Contrabbando e scandali
Nelle sue indagini internazionali l’OCCRP ha individuato un’isola (finanziata dalla sua banca di famiglia) che risulta essere di proprietà di Stanko Subotic, più volte incriminato per contrabbando di sigarette ed ex sodale di Djukanovic. Ad amministrare l’atollo il capo della sicurezza di Djukanovic. Accanto a Subotic ecco altri nomi noti della malavita locale, come Naser Kelmendi, Safet Kalic e Brano Micunovic tutti protetti dall’ombrello del premier e funzionali, secondo gli investigatori, ad un progetto di vera e propria occupazione. In questo modo la famiglia di Djukanovic ha avuto la possibilità di inglobare sotto il proprio controllo la banca statale quando questa è stata privatizzata: lì l’esecutivo avrebbe fatto grossi investimenti in denaro pubblico. Ma nel momento in cui ricchi prestiti elargiti a pochi eletti non sono stati rimborsati, ecco che è intervenuta la mano di Djukanovic a mettere in salvo la banca di famiglia, grazie ad una legge ad hoc votata dal suo Parlamento.
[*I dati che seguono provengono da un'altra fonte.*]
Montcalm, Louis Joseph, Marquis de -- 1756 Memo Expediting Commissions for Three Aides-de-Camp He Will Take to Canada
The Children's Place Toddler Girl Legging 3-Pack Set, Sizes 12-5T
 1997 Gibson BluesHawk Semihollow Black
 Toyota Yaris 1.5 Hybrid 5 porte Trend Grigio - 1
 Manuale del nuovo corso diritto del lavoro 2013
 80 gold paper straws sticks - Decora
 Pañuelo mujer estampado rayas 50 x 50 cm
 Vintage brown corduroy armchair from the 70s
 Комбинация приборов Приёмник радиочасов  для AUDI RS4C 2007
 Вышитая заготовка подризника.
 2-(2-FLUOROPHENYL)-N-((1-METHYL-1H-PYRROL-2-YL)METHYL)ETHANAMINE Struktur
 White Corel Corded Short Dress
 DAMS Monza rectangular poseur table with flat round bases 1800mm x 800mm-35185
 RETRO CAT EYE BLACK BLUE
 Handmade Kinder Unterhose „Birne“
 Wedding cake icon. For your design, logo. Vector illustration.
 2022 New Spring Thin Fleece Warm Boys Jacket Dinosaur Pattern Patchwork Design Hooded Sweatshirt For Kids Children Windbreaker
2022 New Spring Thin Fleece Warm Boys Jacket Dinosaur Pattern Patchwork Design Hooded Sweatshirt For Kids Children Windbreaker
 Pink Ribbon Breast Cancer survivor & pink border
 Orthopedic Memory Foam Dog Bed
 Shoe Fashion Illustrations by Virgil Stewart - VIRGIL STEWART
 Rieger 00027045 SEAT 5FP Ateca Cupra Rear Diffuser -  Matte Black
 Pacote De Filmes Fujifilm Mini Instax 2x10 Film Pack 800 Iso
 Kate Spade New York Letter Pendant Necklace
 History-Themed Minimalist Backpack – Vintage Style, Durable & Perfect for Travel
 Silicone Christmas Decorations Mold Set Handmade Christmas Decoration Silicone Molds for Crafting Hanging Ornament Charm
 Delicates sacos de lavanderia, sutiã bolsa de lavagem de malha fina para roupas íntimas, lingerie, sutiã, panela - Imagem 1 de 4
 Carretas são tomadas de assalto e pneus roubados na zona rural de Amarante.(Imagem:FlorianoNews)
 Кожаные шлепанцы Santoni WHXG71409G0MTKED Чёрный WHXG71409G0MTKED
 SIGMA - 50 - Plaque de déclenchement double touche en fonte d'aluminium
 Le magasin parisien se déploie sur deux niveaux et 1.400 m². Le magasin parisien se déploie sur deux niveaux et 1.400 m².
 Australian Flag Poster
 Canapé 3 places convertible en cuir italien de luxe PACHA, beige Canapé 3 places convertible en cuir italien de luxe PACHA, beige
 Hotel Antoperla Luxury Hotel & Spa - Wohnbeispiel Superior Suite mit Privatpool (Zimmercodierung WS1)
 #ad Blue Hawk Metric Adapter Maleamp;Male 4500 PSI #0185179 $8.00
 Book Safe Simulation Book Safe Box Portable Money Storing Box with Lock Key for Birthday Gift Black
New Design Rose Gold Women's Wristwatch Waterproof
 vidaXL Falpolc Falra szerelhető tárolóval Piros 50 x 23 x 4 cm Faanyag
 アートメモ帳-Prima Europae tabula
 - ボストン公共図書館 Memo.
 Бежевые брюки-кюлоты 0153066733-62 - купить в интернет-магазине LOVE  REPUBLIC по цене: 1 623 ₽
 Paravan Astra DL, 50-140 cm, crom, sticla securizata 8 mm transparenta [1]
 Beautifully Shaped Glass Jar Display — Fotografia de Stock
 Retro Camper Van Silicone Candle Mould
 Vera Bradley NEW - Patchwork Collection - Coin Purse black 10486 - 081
Identico format adottato per la vendita di interi pezzi di costa montenegrina, per un prestito da un miliardo di dollari ottenuto per la costruzione di 41 chilometri di autostrada e violando le linee guida europee sul debito, o per l’utilizzo di fondi pubblici per fornire 300 milioni in garanzie statali per i prestiti contratti da imprese private, senza richiedere interesse.

Libertà di stampa
Altra spina dolorosa riguarda la mancata libertà di stampa. In Montenegro i giornalisti scomodi fanno una brutta fine. Uno su tutti, Dusko Jovanovic, il direttore del quotidiano Dan, giornale di opposizione che si è sempre distinto per inchieste giudiziarie freddato nel 2004 da due killer. Le indagini sono rimaste sempre a un punto morto anche perché le armi utilizzate per l’omicidio erano presenti nei depositi militari fin dai tempi della ex Jugoslavia. I funzionari locali in grado di far luce su nomi e luoghi sono scomparsi assieme ai testimoni. Mentre il Foreign Office americano ha classificato il Montenegro come uno stato mafioso.

Eurobarometro
Un sondaggio commissionato dalla Commissione europea, ha rilevato che la metà degli intervistati si sente insoddisfatto della guida Djukanovic, mentre solo il 35% degli intervistati ha risposto affermativamente a “se il Montenegro si sta muovendo nella giusta direzione”. L’esito del sondaggio può senza dubbio alimentare i dubbi circa la bontà delle politiche europee in loco, anche perché attuate con scarsi controlli e con un macigno alla voce giustizia. Sono arcinoti i casi di tre aziende, la cipriota Ceac, l’olandese Msnn e l’italiana A2a che hanno avuto grosse grane giudiziarie in loco, alcune delle quali finite dinanzi a tribunali internazionali che hanno iniziato a dar loro ragione. Su tutte il caso della Ceac, che dopo aver acquisito a caro prezzo l’acciaieria Kap, se l’è vista sfilare proprio dallo Stato montenegrino.